**Your assignment**: Here you must reproduce each line of the data exactly.
»»
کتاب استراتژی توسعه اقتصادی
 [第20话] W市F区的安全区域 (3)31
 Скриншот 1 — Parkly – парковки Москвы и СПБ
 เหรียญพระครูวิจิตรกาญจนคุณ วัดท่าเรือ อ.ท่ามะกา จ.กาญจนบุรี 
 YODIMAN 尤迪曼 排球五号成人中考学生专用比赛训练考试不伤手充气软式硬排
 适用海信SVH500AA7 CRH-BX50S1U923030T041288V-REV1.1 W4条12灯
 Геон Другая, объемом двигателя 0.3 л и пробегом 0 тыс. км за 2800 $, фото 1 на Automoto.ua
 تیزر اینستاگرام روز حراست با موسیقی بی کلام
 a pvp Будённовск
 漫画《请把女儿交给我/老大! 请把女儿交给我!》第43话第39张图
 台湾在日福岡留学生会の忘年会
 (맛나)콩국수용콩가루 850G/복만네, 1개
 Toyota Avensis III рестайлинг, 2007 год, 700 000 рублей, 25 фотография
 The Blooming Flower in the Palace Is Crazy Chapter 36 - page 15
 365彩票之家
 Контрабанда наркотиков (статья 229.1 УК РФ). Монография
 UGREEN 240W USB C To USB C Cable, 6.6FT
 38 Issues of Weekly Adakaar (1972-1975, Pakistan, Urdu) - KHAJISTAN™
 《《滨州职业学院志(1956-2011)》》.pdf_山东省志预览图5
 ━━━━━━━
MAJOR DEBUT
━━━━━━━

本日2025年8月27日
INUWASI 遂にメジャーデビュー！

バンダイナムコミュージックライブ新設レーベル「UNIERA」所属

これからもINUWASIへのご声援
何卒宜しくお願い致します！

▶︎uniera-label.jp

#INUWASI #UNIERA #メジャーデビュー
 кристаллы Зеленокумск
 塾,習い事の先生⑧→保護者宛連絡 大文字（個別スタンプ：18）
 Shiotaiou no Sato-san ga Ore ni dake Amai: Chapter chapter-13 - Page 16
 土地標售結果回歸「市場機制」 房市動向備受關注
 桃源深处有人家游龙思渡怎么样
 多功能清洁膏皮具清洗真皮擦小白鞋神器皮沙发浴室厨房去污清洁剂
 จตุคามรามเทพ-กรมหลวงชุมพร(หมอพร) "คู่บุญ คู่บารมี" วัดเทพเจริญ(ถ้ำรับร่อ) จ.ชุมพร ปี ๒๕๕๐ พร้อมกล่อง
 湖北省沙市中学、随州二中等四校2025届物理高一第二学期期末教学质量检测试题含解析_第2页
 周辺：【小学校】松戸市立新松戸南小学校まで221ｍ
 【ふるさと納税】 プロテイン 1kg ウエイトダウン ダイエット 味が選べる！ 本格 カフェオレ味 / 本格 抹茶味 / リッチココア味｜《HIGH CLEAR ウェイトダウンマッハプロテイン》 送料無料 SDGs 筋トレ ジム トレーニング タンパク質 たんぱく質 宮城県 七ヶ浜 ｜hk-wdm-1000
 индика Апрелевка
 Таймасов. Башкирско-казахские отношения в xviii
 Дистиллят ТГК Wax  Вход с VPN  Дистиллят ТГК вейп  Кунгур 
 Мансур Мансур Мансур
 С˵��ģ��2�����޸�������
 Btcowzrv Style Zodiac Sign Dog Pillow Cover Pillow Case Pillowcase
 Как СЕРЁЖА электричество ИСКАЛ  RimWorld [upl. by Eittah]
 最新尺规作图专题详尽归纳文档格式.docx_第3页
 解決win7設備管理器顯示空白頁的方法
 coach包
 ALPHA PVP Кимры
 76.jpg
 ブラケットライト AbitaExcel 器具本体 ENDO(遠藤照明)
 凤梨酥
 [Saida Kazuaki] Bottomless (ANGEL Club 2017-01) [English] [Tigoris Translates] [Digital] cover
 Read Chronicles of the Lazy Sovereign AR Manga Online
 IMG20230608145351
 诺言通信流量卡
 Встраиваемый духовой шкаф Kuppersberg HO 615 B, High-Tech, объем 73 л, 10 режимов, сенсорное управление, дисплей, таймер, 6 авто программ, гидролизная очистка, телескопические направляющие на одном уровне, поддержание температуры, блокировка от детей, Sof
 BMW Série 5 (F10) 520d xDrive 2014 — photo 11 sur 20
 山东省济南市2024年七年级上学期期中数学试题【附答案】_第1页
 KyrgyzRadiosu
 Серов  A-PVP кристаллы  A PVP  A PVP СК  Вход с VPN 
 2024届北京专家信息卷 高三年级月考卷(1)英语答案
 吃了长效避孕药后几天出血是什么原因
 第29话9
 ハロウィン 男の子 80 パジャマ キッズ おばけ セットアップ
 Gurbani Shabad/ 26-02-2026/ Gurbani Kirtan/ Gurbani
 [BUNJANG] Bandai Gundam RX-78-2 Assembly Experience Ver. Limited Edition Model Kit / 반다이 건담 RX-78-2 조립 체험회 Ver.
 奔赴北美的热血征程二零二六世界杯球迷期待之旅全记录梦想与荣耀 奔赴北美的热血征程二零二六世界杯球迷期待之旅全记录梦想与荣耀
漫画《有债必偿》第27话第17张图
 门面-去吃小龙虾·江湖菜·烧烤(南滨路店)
««
**Expected answer**:
کتاب استراتژی توسعه اقتصادی
 [第20话] W市F区的安全区域 (3)31
 Скриншот 1 — Parkly – парковки Москвы и СПБ
 เหรียญพระครูวิจิตรกาญจนคุณ วัดท่าเรือ อ.ท่ามะกา จ.กาญจนบุรี 
 YODIMAN 尤迪曼 排球五号成人中考学生专用比赛训练考试不伤手充气软式硬排
 适用海信SVH500AA7 CRH-BX50S1U923030T041288V-REV1.1 W4条12灯
 Геон Другая, объемом двигателя 0.3 л и пробегом 0 тыс. км за 2800 $, фото 1 на Automoto.ua
 تیزر اینستاگرام روز حراست با موسیقی بی کلام
 a pvp Будённовск
 漫画《请把女儿交给我/老大! 请把女儿交给我!》第43话第39张图
 台湾在日福岡留学生会の忘年会
 (맛나)콩국수용콩가루 850G/복만네, 1개
 Toyota Avensis III рестайлинг, 2007 год, 700 000 рублей, 25 фотография
 The Blooming Flower in the Palace Is Crazy Chapter 36 - page 15
 365彩票之家
 Контрабанда наркотиков (статья 229.1 УК РФ). Монография
 UGREEN 240W USB C To USB C Cable, 6.6FT
 38 Issues of Weekly Adakaar (1972-1975, Pakistan, Urdu) - KHAJISTAN™
 《《滨州职业学院志(1956-2011)》》.pdf_山东省志预览图5
 ━━━━━━━
MAJOR DEBUT
━━━━━━━

本日2025年8月27日
INUWASI 遂にメジャーデビュー！

バンダイナムコミュージックライブ新設レーベル「UNIERA」所属

これからもINUWASIへのご声援
何卒宜しくお願い致します！

▶︎uniera-label.jp

#INUWASI #UNIERA #メジャーデビュー
 кристаллы Зеленокумск
 塾,習い事の先生⑧→保護者宛連絡 大文字（個別スタンプ：18）
 Shiotaiou no Sato-san ga Ore ni dake Amai: Chapter chapter-13 - Page 16
 土地標售結果回歸「市場機制」 房市動向備受關注
 桃源深处有人家游龙思渡怎么样
 多功能清洁膏皮具清洗真皮擦小白鞋神器皮沙发浴室厨房去污清洁剂
 จตุคามรามเทพ-กรมหลวงชุมพร(หมอพร) "คู่บุญ คู่บารมี" วัดเทพเจริญ(ถ้ำรับร่อ) จ.ชุมพร ปี ๒๕๕๐ พร้อมกล่อง
 湖北省沙市中学、随州二中等四校2025届物理高一第二学期期末教学质量检测试题含解析_第2页
 周辺：【小学校】松戸市立新松戸南小学校まで221ｍ
 【ふるさと納税】 プロテイン 1kg ウエイトダウン ダイエット 味が選べる！ 本格 カフェオレ味 / 本格 抹茶味 / リッチココア味｜《HIGH CLEAR ウェイトダウンマッハプロテイン》 送料無料 SDGs 筋トレ ジム トレーニング タンパク質 たんぱく質 宮城県 七ヶ浜 ｜hk-wdm-1000
 индика Апрелевка
 Таймасов. Башкирско-казахские отношения в xviii
 Дистиллят ТГК Wax  Вход с VPN  Дистиллят ТГК вейп  Кунгур 
 Мансур Мансур Мансур
 С˵��ģ��2�����޸�������
 Btcowzrv Style Zodiac Sign Dog Pillow Cover Pillow Case Pillowcase
 Как СЕРЁЖА электричество ИСКАЛ  RimWorld [upl. by Eittah]
 最新尺规作图专题详尽归纳文档格式.docx_第3页
 解決win7設備管理器顯示空白頁的方法
 coach包
 ALPHA PVP Кимры
 76.jpg
 ブラケットライト AbitaExcel 器具本体 ENDO(遠藤照明)
 凤梨酥
 [Saida Kazuaki] Bottomless (ANGEL Club 2017-01) [English] [Tigoris Translates] [Digital] cover
 Read Chronicles of the Lazy Sovereign AR Manga Online
 IMG20230608145351
 诺言通信流量卡
 Встраиваемый духовой шкаф Kuppersberg HO 615 B, High-Tech, объем 73 л, 10 режимов, сенсорное управление, дисплей, таймер, 6 авто программ, гидролизная очистка, телескопические направляющие на одном уровне, поддержание температуры, блокировка от детей, Sof
 BMW Série 5 (F10) 520d xDrive 2014 — photo 11 sur 20
 山东省济南市2024年七年级上学期期中数学试题【附答案】_第1页
 KyrgyzRadiosu
 Серов  A-PVP кристаллы  A PVP  A PVP СК  Вход с VPN 
 2024届北京专家信息卷 高三年级月考卷(1)英语答案
 吃了长效避孕药后几天出血是什么原因
 第29话9
 ハロウィン 男の子 80 パジャマ キッズ おばけ セットアップ
 Gurbani Shabad/ 26-02-2026/ Gurbani Kirtan/ Gurbani
 [BUNJANG] Bandai Gundam RX-78-2 Assembly Experience Ver. Limited Edition Model Kit / 반다이 건담 RX-78-2 조립 체험회 Ver.
 奔赴北美的热血征程二零二六世界杯球迷期待之旅全记录梦想与荣耀 奔赴北美的热血征程二零二六世界杯球迷期待之旅全记录梦想与荣耀
漫画《有债必偿》第27话第17张图
 门面-去吃小龙虾·江湖菜·烧烤(南滨路店)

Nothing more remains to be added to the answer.